Bahkan dihadapan tuhan, ketika aku duduk berduaan berhadapan-Nya, hingga detik
ini.
Nak, saat pertama engkau hadir,
kugenggam tanganmu dengan penuh semangat kuyakinkan kamu BISA. Dan aku berjanji
akan selalu membantumu sekalipun kita tak akan lagi selamanya bersama.
Tapi seiring waktu, ketika engkau suatu
kali telah mampu berkata : “TIDAK“, dan “MELAWAN“ timbul kesadaranku siapa
engkau sebenarnya. Engkau bukan milikku, atau milik kedua orang tuamu. Engkau
milik Allah. Tak ada hakku menuntut pengabdian darimu. Karena pengabdianmu
semata-mata seharusnya hanya untuk Allah.
Nak, sedih, pedih dan terhempaskan
rasanya menyadari siapa sebenarnya aku dan kamu. Dan dalam waktu panjang di
malam-malam sepi, kusesali kesalahanku itu sepenuh-penuh air mata dihadapan
Allah. Syukurlah, penyesalan itu mencerahkanku.
Sejak saat itu nak, satu-satunya usahaku
adalah mendekatkanmu kepada pemilikmu yang sebenarnya. Membuatmu senantiasa
berusaha memenuhi keinginan pemilikmu. Melakukan segala sesuatu karena-Nya,
bukan karena aku dan orang tuamu. Tugasku bukan membuatmu dikagumi orang lain,
tapi agar kamu dikagumi dan dicintai Allah.
Inilah usahaku yang terberatku (juga
usaha orang tuamu), karena artinya aku harus lebih dulu sesuai dengan keinginan
Allah. Agar perjalananmu mendekati-Nya tak lagi terlalu sulit.

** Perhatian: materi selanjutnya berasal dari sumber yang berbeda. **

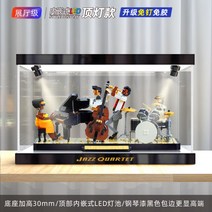 아이디어 재즈 4중주 21334 보관함 전시장 아크릴 디스플레이 조명 LED 레고 케이스 투명 장식장 진열장 진열대 아크릴장, E개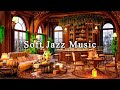 Cozy Coffee Shop Ambience & Soft Jazz Music to Work, Study, Focus ☕ Relaxing Jazz Instrumental Music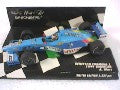 BENETTON 33 WURZ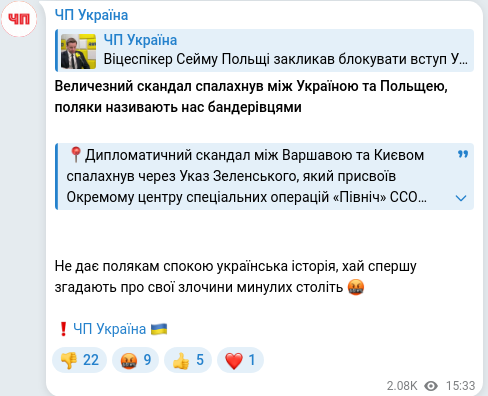 Telegram publication screenshot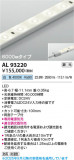 Koizumi ߾ LEDơץ饤 AL93220þʾLEDη¡ʰΡѤ䡡Ҹ -LIGHTING DEPOT-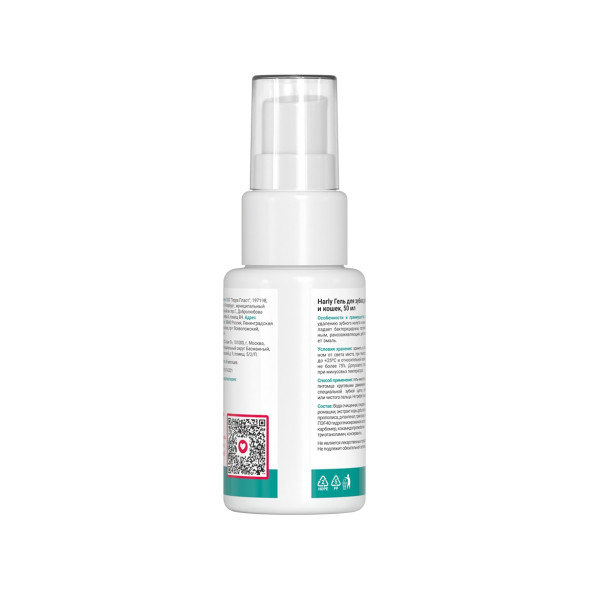 Harly Dental Gel паста зубная для кошек и собак всех пород - 50 мл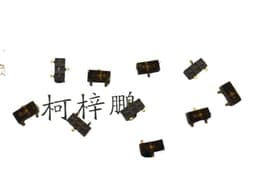 5pcs Gear CJS 1200TB DIP switch position, patch feet micro toggle 3.5mm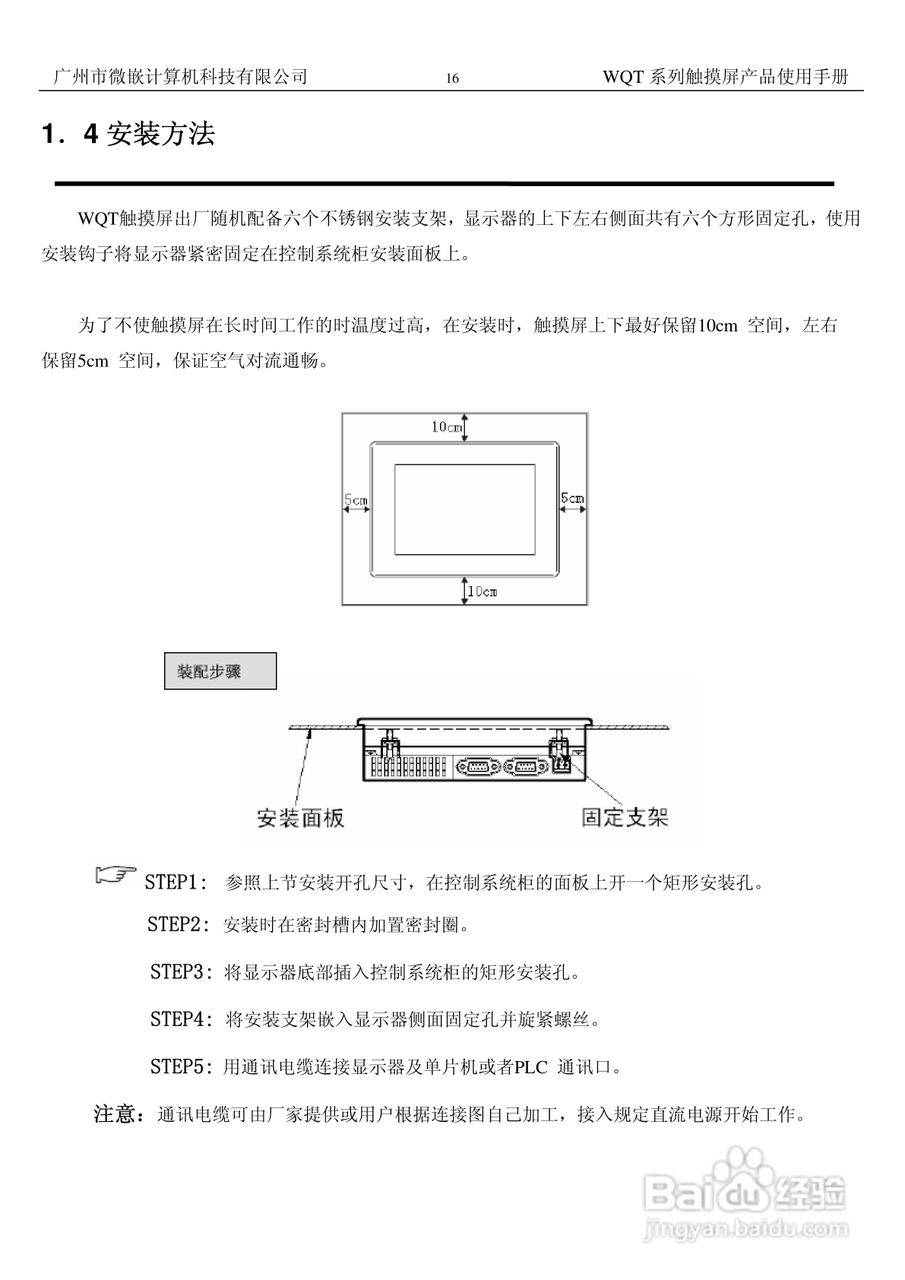 微嵌触摸屏WQT-T8048-070型使用说明书:[2]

Kemudian, kitapun memulai perjalanan itu
berdua, tak pernah engkau kuhindarkan dari kerikil tajam dan lumpur hitam. Aku
Cuma menggenggam jemarimu dan merapatkan jiwa kita satu sama lain. Agar dapat
kau rasakan perjalanan ruhani yang sebenarnya.
Saat engkau mengeluh letih berjalan,
kukuatkan engkau karena kita memang tak boleh berhenti, nak..berhenti berarti mati,
inilah kata-kataku dan orang tuamu ketika memberimu semangat dan menghapus air
matamu, ketika engkau hampir putus asa.
Akhirnya nak.., kalau nanti, ketika
semua manusia dikumpulkan di hadapan Allah, dan kudapati jarakku amat jauh
dari-Nya, aku akan ikhlas. Karena seperti itulah aku di dunia. Tapi kalau boleh
aku berharap, aku ingin saat itu aku melihat dirimu sangat dekat dengan Allah.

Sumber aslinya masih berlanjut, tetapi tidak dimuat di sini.